## Record set:
..............................
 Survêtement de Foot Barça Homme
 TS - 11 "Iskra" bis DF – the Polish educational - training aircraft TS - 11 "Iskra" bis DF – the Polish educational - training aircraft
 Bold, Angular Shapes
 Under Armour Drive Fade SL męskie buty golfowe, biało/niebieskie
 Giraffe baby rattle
..............................
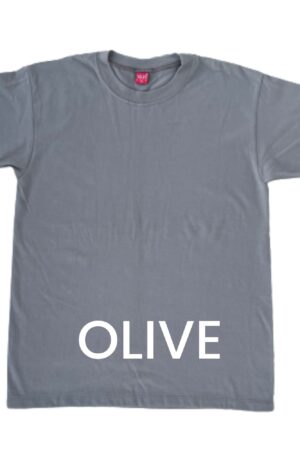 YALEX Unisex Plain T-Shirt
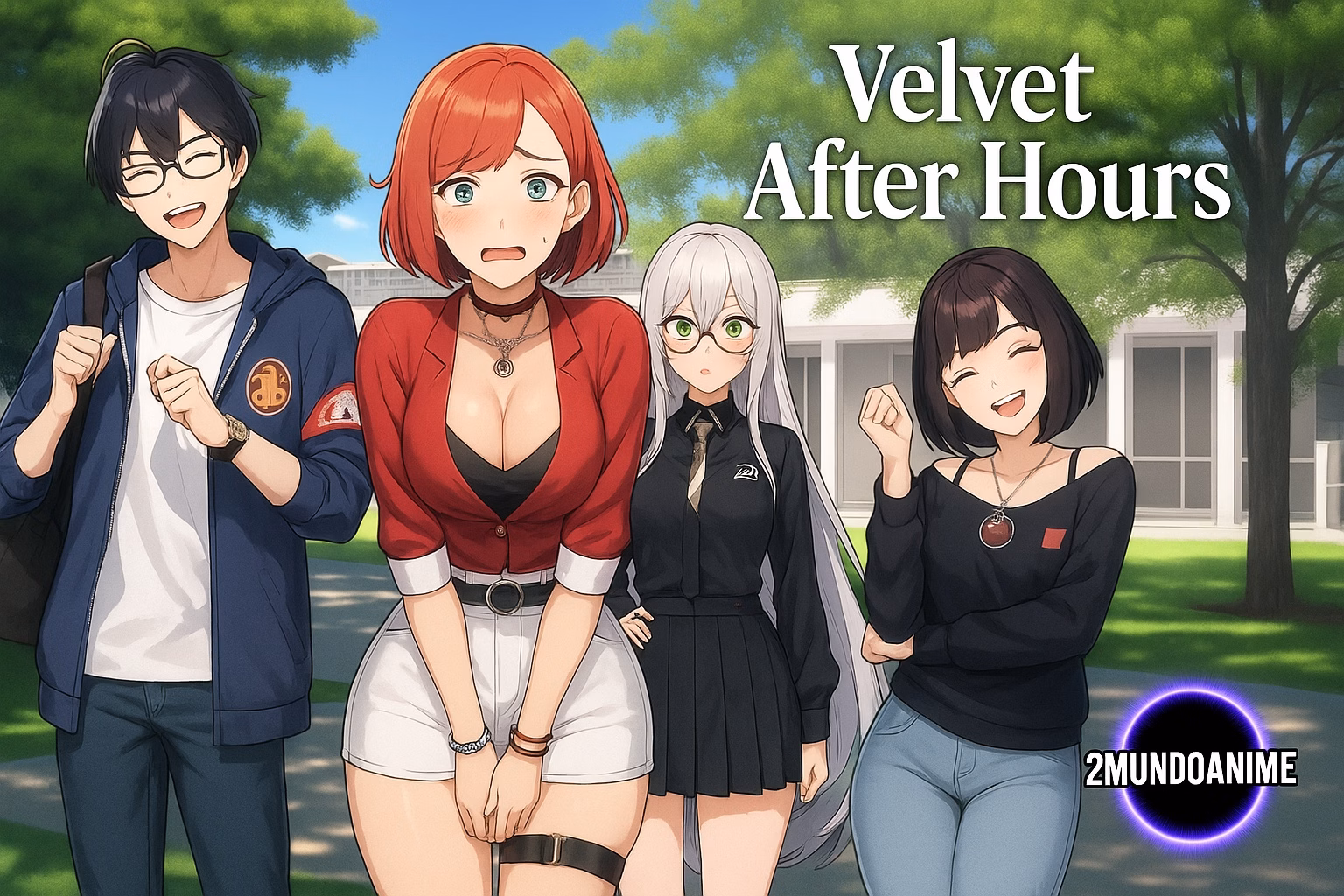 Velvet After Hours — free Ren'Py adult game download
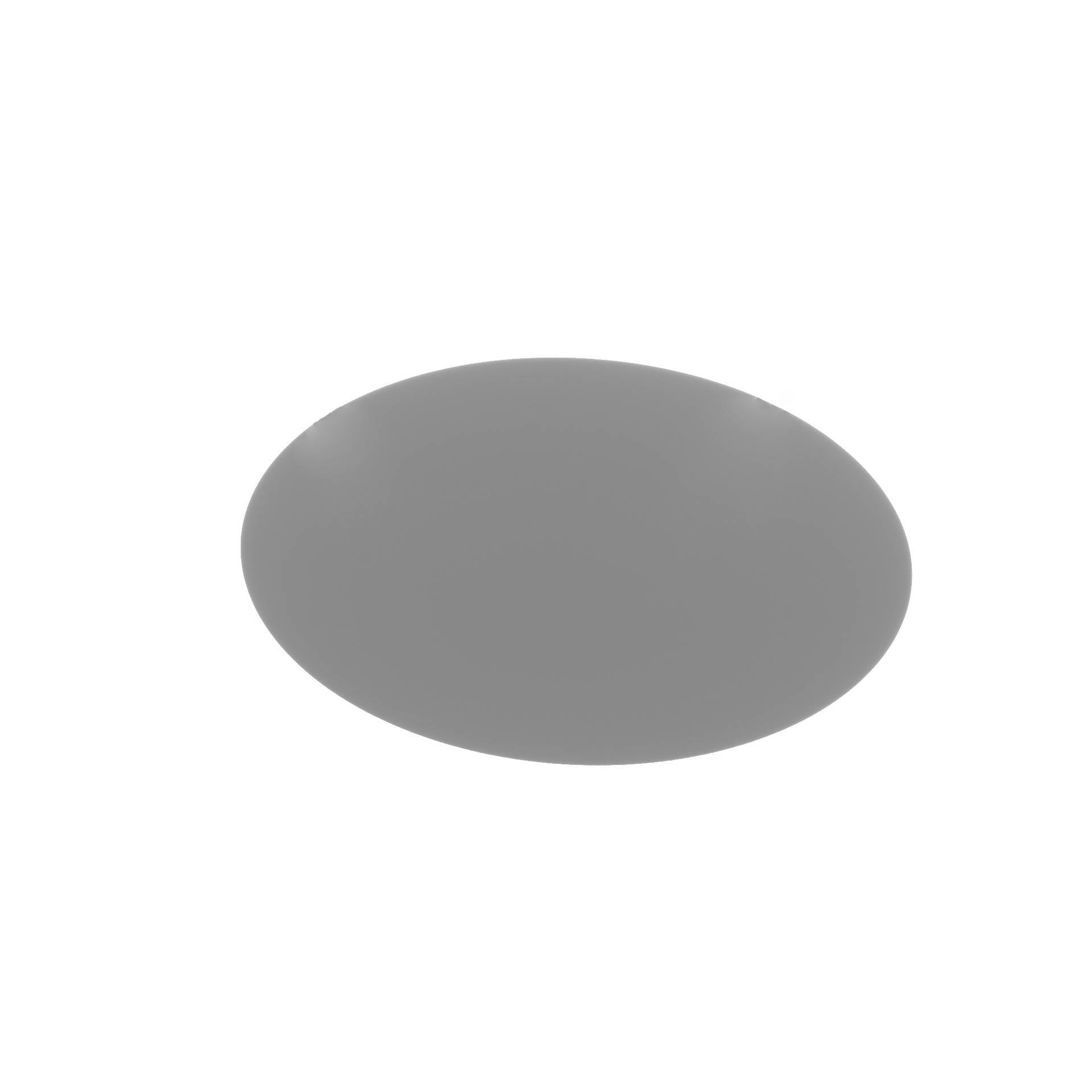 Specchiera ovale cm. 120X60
..............................
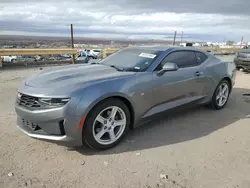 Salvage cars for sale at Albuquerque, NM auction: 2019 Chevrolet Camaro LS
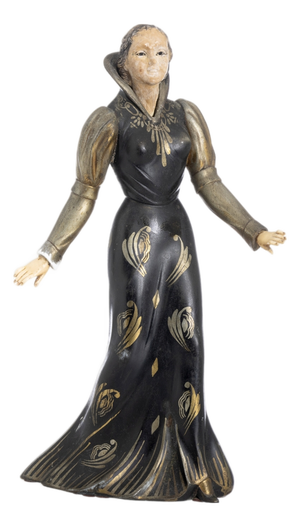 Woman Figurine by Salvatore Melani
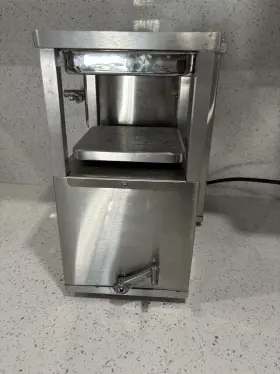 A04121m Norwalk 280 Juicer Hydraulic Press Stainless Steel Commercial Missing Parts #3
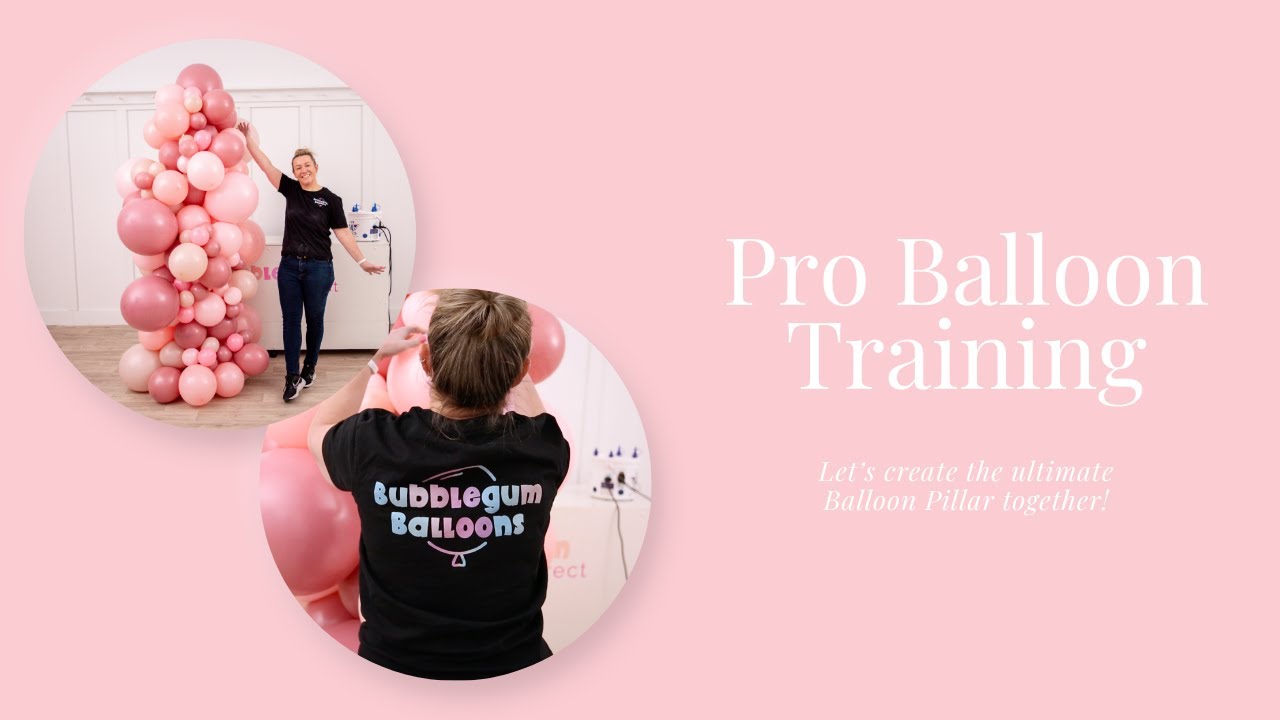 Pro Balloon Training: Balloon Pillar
..............................
## About this exercise:
Reproduce the lines above, beginning at the line with "training aircraft TS" and stopping after the line with "Giraffe baby rattle", exactly as they are.

## Answer below:
 TS - 11 "Iskra" bis DF – the Polish educational - training aircraft TS - 11 "Iskra" bis DF – the Polish educational - training aircraft
 Bold, Angular Shapes
 Under Armour Drive Fade SL męskie buty golfowe, biało/niebieskie
 Giraffe baby rattle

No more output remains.